Use SGE cluster array job for inference¶
To speed up the inference, the neuralmonkey-run
binary provides the
--grid
option, which can be used when running the program as a SGE array
job.
The run
script make use of the SGE_TASK_ID
and SGE_TASK_STEPSIZE
environment variables that are set in each computing node of the array job.
If the --grid
option is supplied and these variables are present, it runs
the inference only on a subset of the dataset, specified by the variables.

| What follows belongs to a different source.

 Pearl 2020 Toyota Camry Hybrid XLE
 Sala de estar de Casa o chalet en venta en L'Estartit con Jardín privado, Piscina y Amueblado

Consider this example test_data.ini
:
[main]
test_datasets=[<dataset>]
variables=["path/to/variables.data"]
[dataset]
class=dataset.load_dataset_from_files
s_source="data/source.en"
s_target_out="out/target.de"
If we want to run a model configured in model.ini
on this dataset, we can
do:
neuralmonkey-run model.ini test_data.ini
And the program executes the model on the dataset loaded from
data/source.en
and stores the results in out/target.de
.
If the source file is large or if you use a slow inference method (such as beam
search), you may want to split the source file into smaller parts and execute
the model on all of them in parallel. If you have access to a SGE cluster, you
don’t have to do it manually - just create an array job and supply the
--grid
option to the program. Now, suppose that the source file contains
100,000 sentences and you want to split it to 100 parts and run it on
cluster. To accomplish this, just run:
qsub <qsub_options> -t 1-100000:1000 -b y \
"neuralmonkey-run --grid model.ini test_data.ini"
This will submit 100 jobs to your cluster. Each job will use its
SGE_TASK_ID
and SGE_TASK_STEPSIZE
parameters to determine its part of
the data to process. It then runs the inference only on the subset of the
dataset and stores the result in a suffixed file.
For example, if the SGE_TASK_ID
is 3, the SGE_TASK_STEPSIZE
is 100, and
the --grid
option is specified, the inference will be run on lines 201 to
300 of the file data/source.en
and the output will be written to
out/target.de.0000000200
.
After all the jobs are finished, you just need to manually run:
cat out/target.de.* > out/target.de
and delete the intermediate files. (Careful when your file has more than 10^10 lines - you need to concatenate the intermediate files in the right order!)